Kuputuskan untuk tak menjejak di sini beberapa waktu. Aku sadar, tanpa keberanian memilih dan mempertahankan pilihan, hidup ini tak lagi bisa berjalan dalam cahaya.
Hingga batas itu kulalui dalam senyum yang kusamarkan. Aku kembali.
Bukan untuk menggali kubur memoriku.
Aku kembali untuk membuka jalan baru.
Ujianpun tiba. Tanpa harus di rencana apalagi di umumkan. Saat kau di hadirkan kembali. Dengan segala kilau yang indah.
Kembali senyumku tersungging tanpa suara. Menatapmu tanpa kututup mataku.

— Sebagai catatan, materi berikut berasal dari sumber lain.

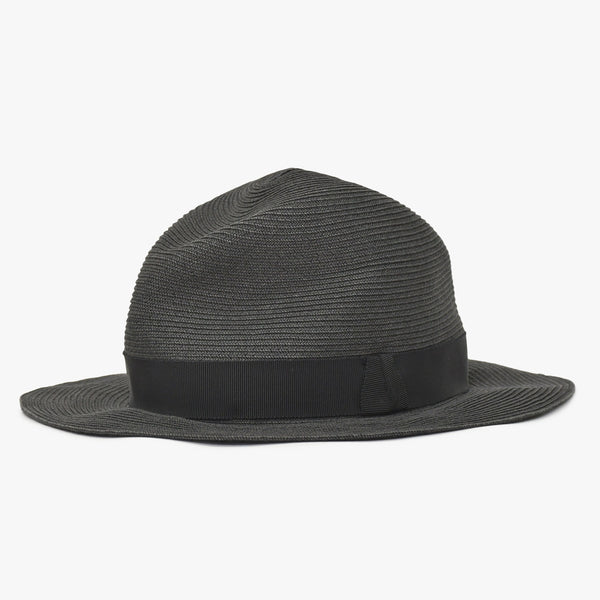 Very Good Condition HERMES Hat Size 57 Straw Hat Black Gray Used 4a003891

Aku selalu percaya, bahwa ujian datang untuk menguatkan. Untuk naik kelas.
Kilaumu meredup sendiri. Lalu perlahan menghilang dalam rinai hujanmu. Bukan rinaiku.
"Harus kuakui, kaulah hal terbaik yang pernah terjadi di hidupku. Tak tergantikan, tak termakan waktu. Rasaku tak pernah hilang sampai kapanpun." Bisikmu tanpa ragu dalam perjalanan kembalimu.
Kebenaran tak pernah terkalahkan. Walau pembuktiannya butuh perjalanan yang cukup melelahkan.
Lewat jendela ini kutitip embun hatiku. Kutiupkan cakap hatiku yang terdalam, bahwa kaupun tak pernah kulupakan.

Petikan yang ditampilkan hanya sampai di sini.